Asia has the population to make setting up a cryptocurrency exchange there exceptionally lucrative, but more and more restrictions are now seeing leading exchanges pull out of the area. While there’s no denying that there are millions of investors all too ready to invest in cryptocurrencies – with 3.5 million in Japan alone – it’s the governments that have caused exchanges to take another look at the feasibility of their presence.
Japan, in particular, is the latest country to impose restrictions and legislation that have caused the largest cryptocurrency exchanges to take a look at their bottom line. With regulatory uncertainties and continuously moving goalposts, one of the largest exchanges, Kraken, will be suspending services by the middle of June. They have been serving Japanese investors since late 2014.
A Kraken spokesperson said choosing to pull out of Japan was not a decision made lightly but doing so had enabled them to focus on building their presence in other areas. While they were tight-lipped about the real reason, it’s easy to assume that new regulations in Japan have made it a logistical nightmare to keep providing investment opportunities in the country. It’s not off the table to consider revisiting Japan in the future, but right now, Japanese investors are asked to remove their funds by the end of June.
Japan’s tighter restrictions were made to increase transparency, and therefore safety, as well as protect consumers. To do so, they approved just 17 different currencies and 11 exchanges.
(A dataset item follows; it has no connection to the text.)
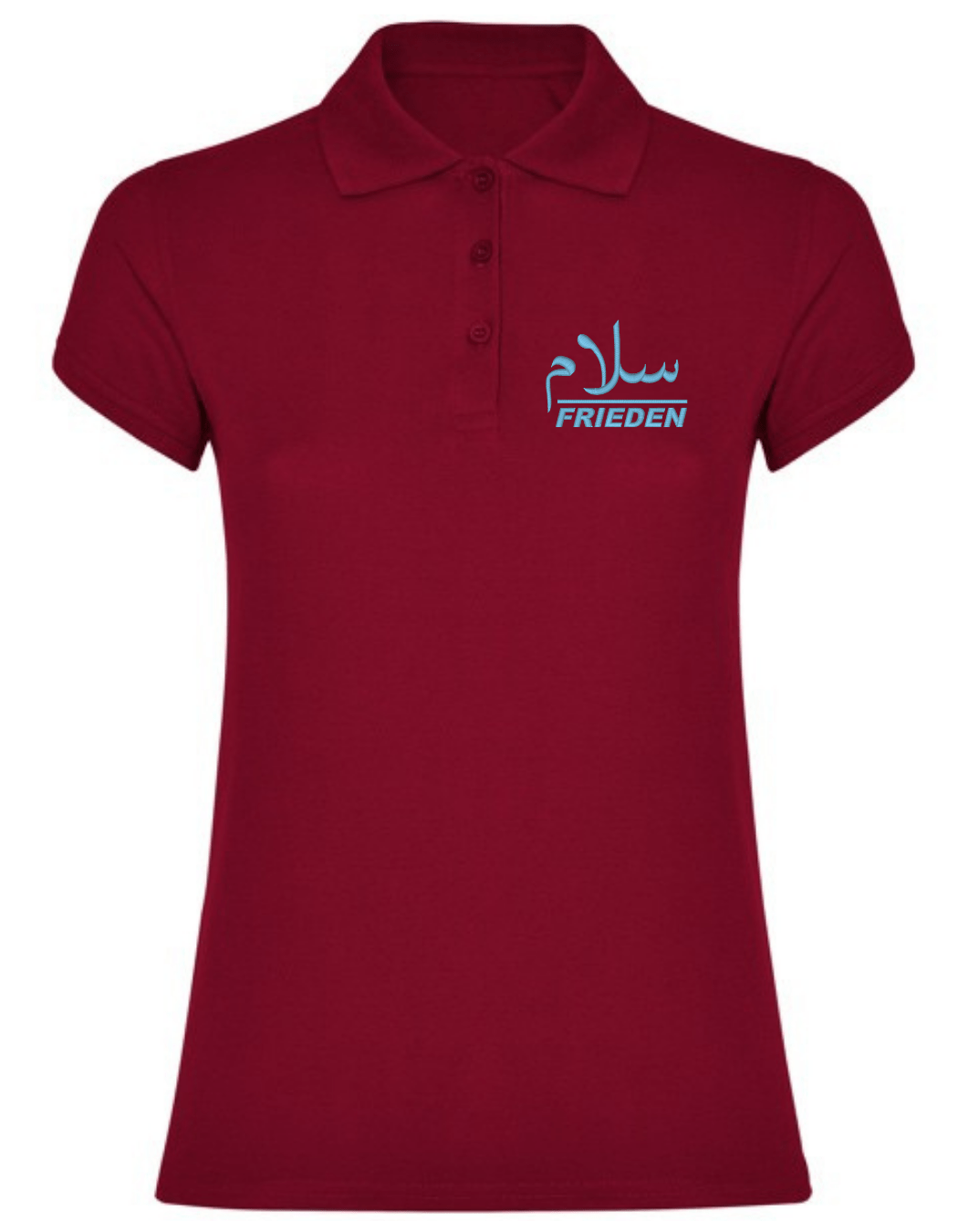 Frieden Salam arabisch deutsch –Stick– Polo T Shirt – Bild 4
Japan is not the first country to cause problems for both investors and exchanges, as more and more nations aim to tighten their belts on this new phenomenon. China banned Initial Coin Offerings (ICOs) and closed exchanges, while South Korea is looking to halt anonymous trading. They have also put steps in place to prohibit ICOs as well. Restrictions have even been considered in Australia, with legislators and the financial intelligence agency looking into laws to control its use.
Investing in cryptocurrency is only getting tougher, so those looking to invest are encouraged to take a look at their country’s legislation and proposed laws before going ahead.